This table illustrates the breadth of knowledge that one might consider putting into a climate change curriculum. Clearly there is far more knowledge than can be addressed within science at KS4 (age 14–16). Indeed, Eilam makes a case that climate change should be its own discipline (Eilam, 2022), which raises the question of prioritisation.

Currently, we can see that themes on the left side of the table receive far more attention than those towards the right. Should they? Should science lessons focus on ‘Science Facts’ or is a broader view necessary to address the topic meaningfully? Even within the more science-based themes there is debate to be had around the most essential content. Are there concepts missing from the current curriculum that could be placed in those columns, such as tipping points and feedback loops, the role of the ocean in absorbing energy, or the warming potential of different greenhouse gases?

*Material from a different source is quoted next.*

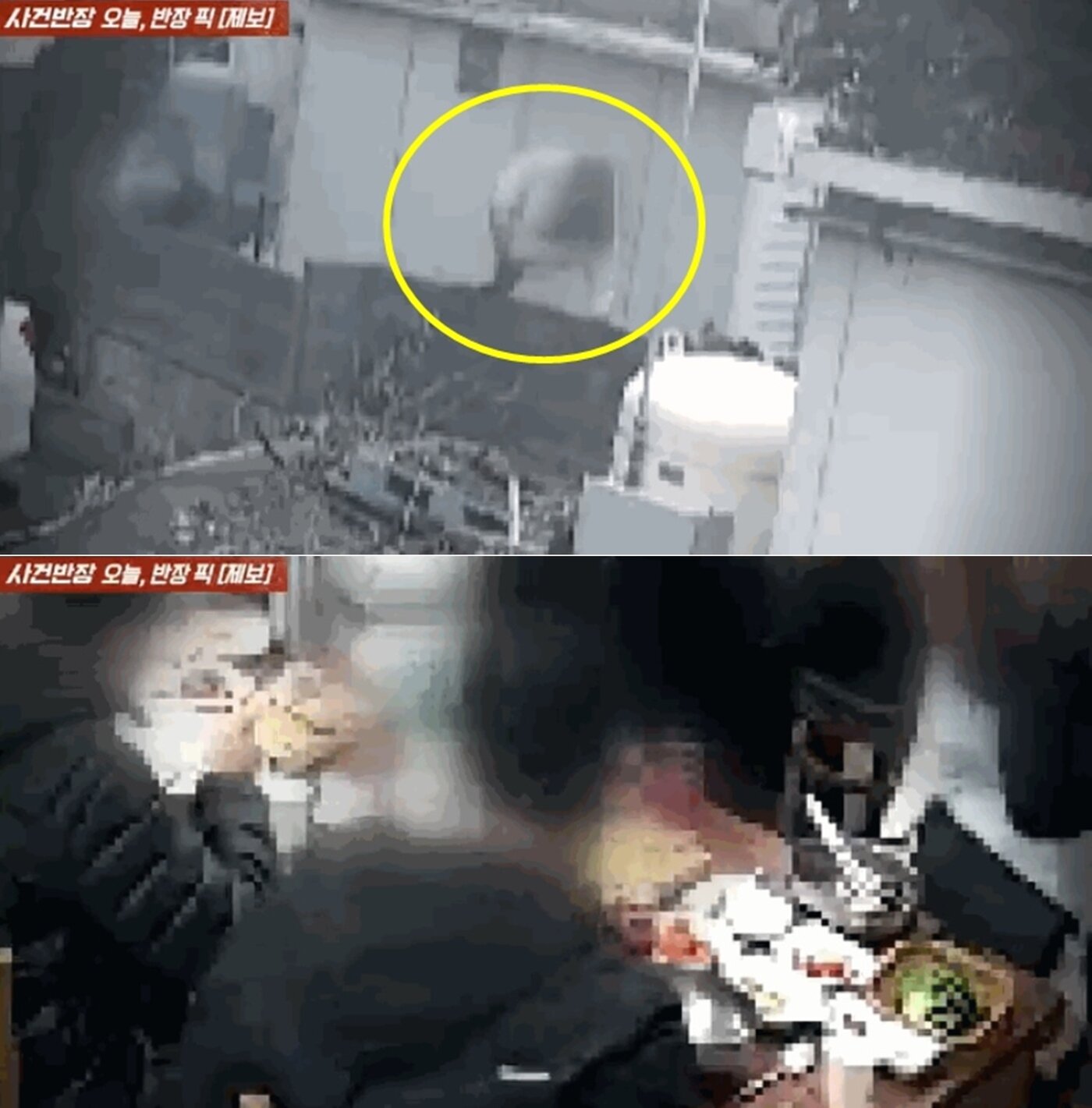 본문 이미지 - JTBC '사건반장'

My research focuses on what different groups of experts (teachers, climate scientists and youth climate activists) think are the fundamental concepts that secondary science students should understand about climate change before they leave compulsory education. I am particularly focused on the level of consensus that exists around the concepts that they have identified. For this study I am using the term ‘threshold concept’, understood as concepts which, once mastered, can result in a different way of perceiving something. Examples of threshold concepts for climate change identified in literature at an undergraduate level include ideas around balance and imbalance (both in terms of the earth’s energy balance and levels of carbon dioxide in the atmosphere), complexity (systems thinking) and planetary boundaries, as these are potentially transformative in terms of how students understand the topic (see Singh, 2021). The question is, Are these concepts relevant at a secondary level, and if they are, what would they look like? My intention is to understand what concepts the three different expert groups perceive to be transformative when it comes to climate change education, and to find out what might account for differences in perspectives between these groups.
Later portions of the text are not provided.